Return the lines of the data below starting at the one holding "eBook | Sack Fachmedien" and ending at the one holding "woocommerce paypal payment gateway plugin", word for word, leaving every picture out.

Stored items:
──────

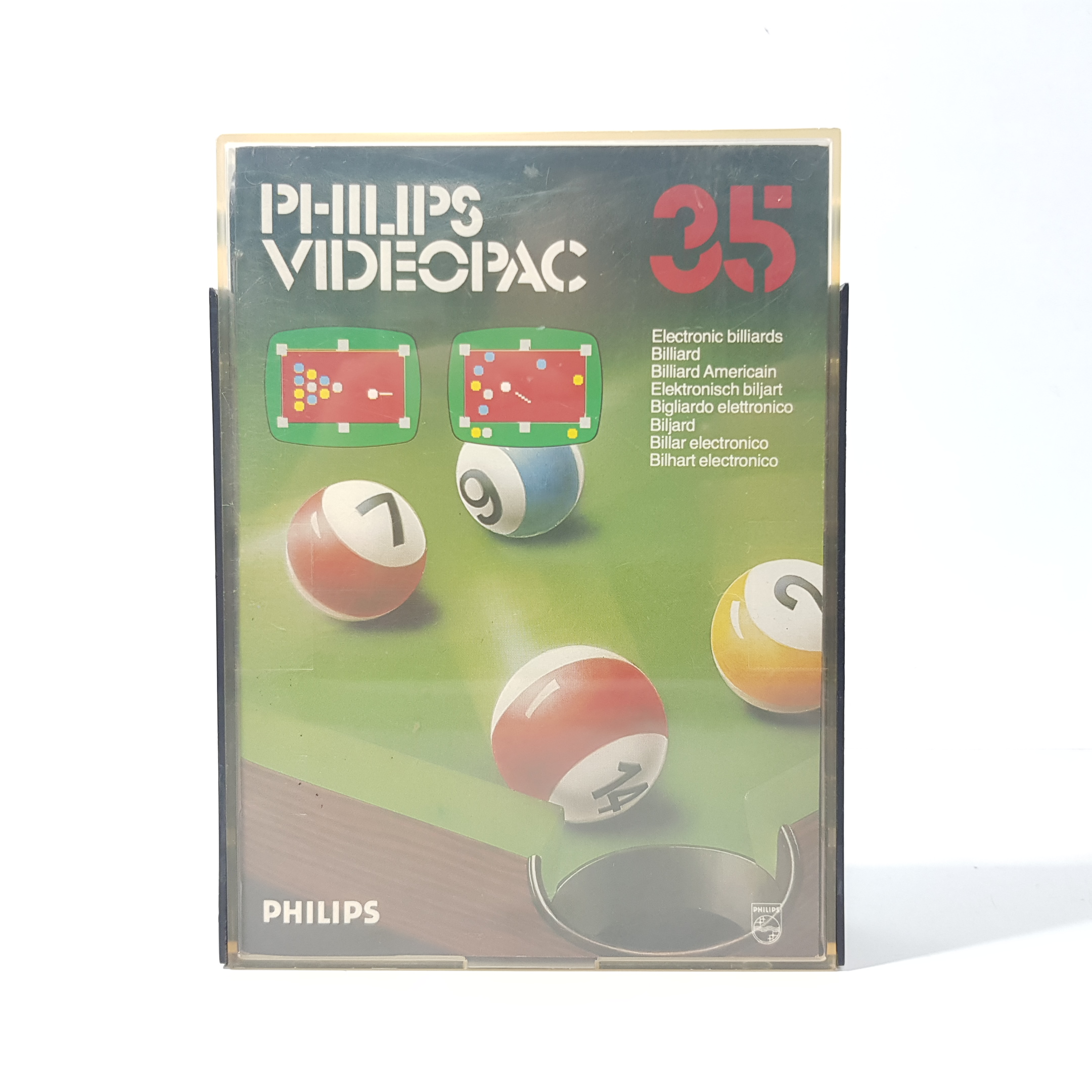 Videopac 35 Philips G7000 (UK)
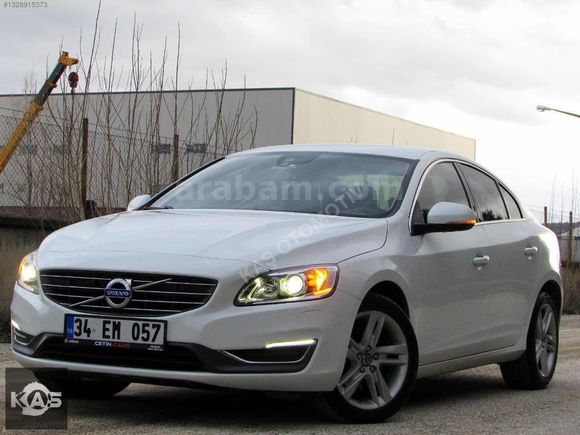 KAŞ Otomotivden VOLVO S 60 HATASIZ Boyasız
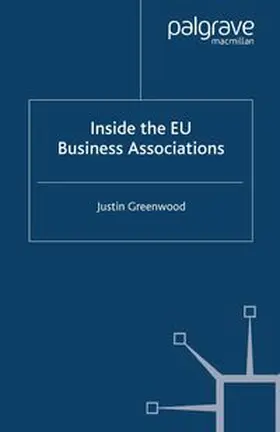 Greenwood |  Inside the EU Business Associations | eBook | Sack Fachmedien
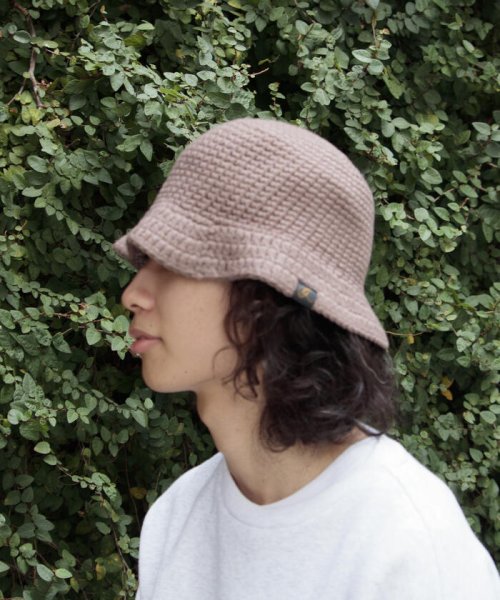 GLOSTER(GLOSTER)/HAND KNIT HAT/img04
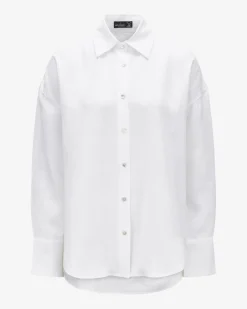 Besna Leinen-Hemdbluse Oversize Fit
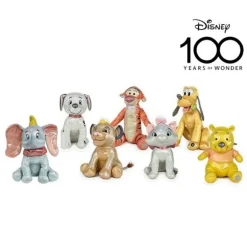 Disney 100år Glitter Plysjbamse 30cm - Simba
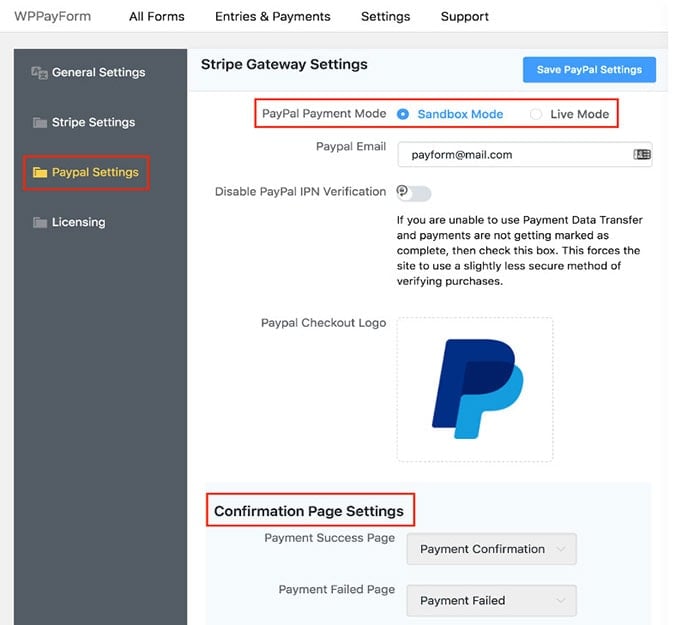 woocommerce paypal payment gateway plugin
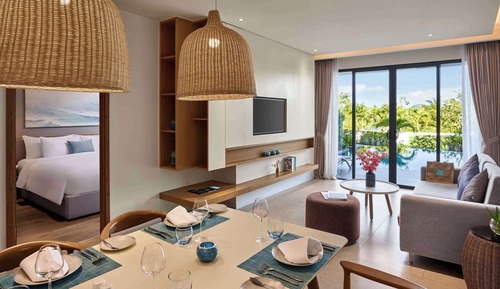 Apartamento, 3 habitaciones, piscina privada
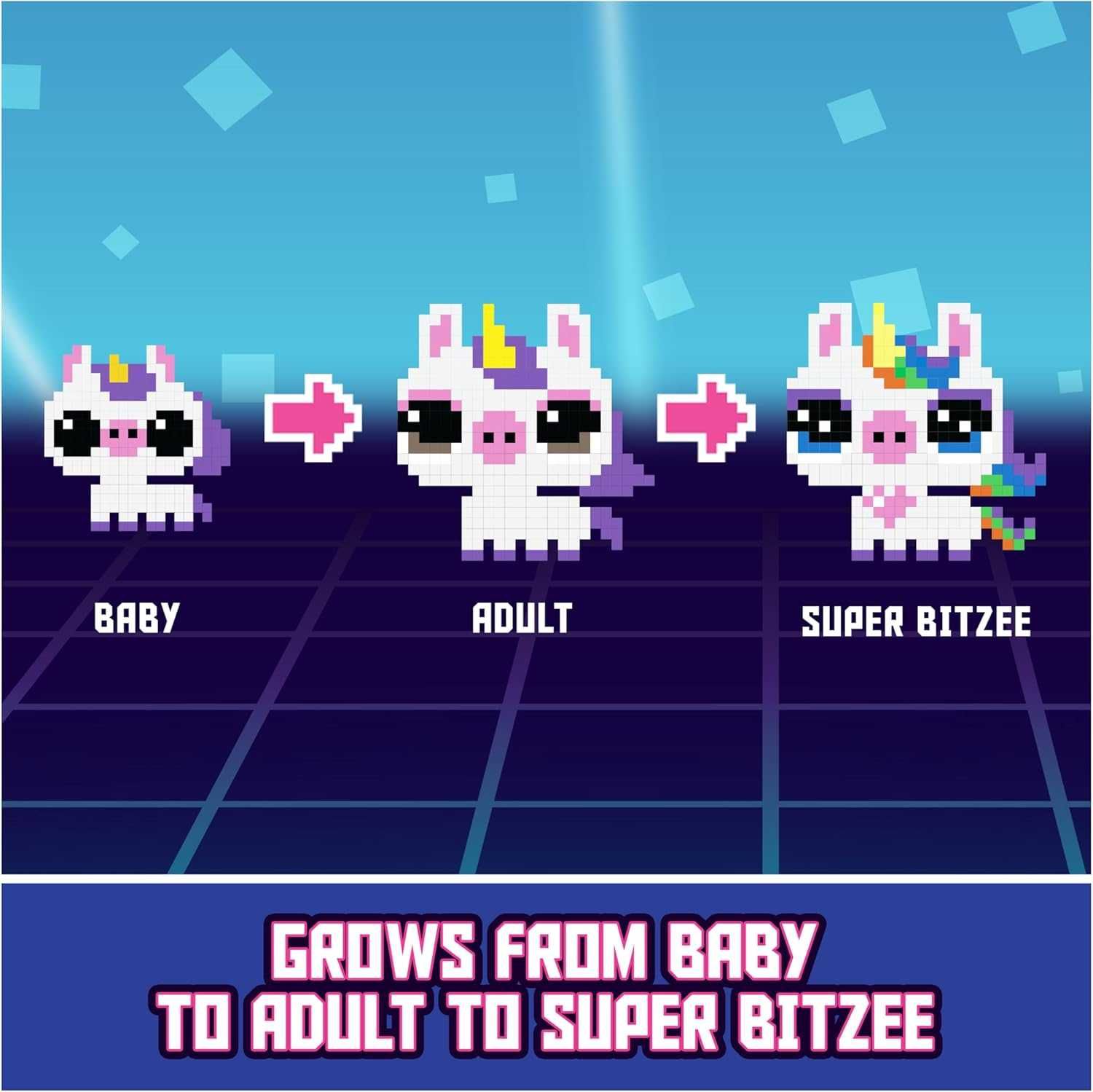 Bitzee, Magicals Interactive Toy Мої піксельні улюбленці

──────

Task answer:
 Greenwood |  Inside the EU Business Associations | eBook | Sack Fachmedien
 GLOSTER(GLOSTER)/HAND KNIT HAT/img04
 Besna Leinen-Hemdbluse Oversize Fit
 Disney 100år Glitter Plysjbamse 30cm - Simba
 woocommerce paypal payment gateway plugin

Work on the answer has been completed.